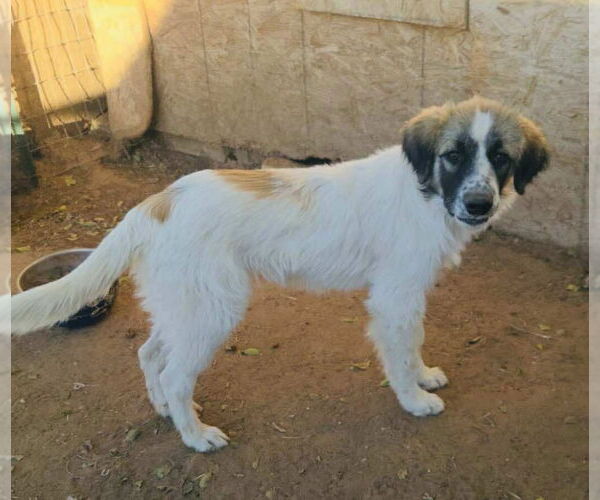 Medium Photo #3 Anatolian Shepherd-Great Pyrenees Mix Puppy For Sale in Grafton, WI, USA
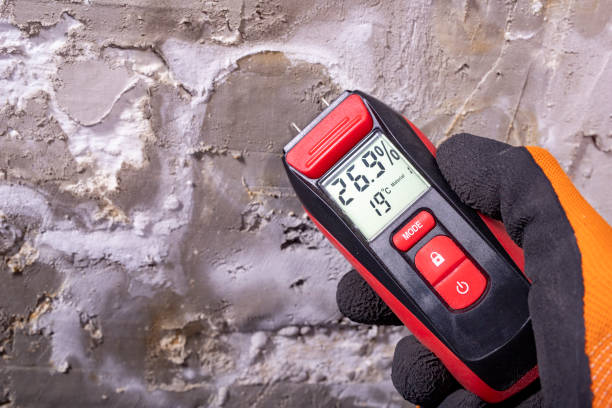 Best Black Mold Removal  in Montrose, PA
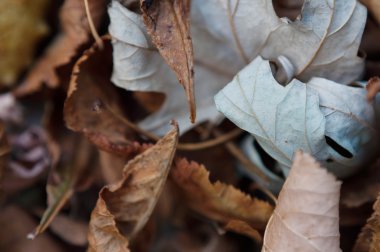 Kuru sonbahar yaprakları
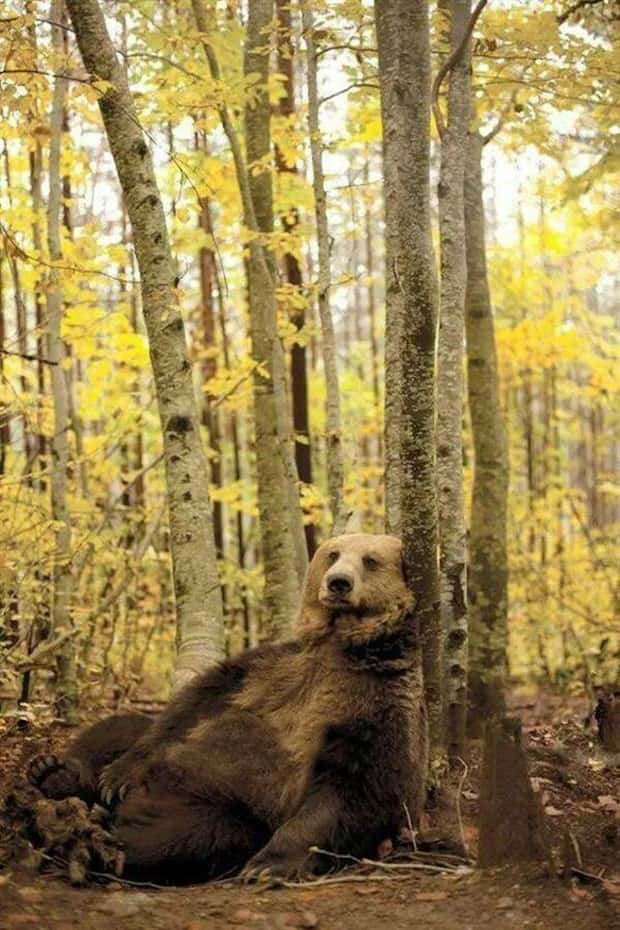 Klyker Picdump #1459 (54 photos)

**Task brief**: Each line of the listing is to be retyped exactly, and its pictures are to be dropped.

**Task response**:
 Medium Photo #3 Anatolian Shepherd-Great Pyrenees Mix Puppy For Sale in Grafton, WI, USA
 Best Black Mold Removal  in Montrose, PA
 Kuru sonbahar yaprakları
 Klyker Picdump #1459 (54 photos)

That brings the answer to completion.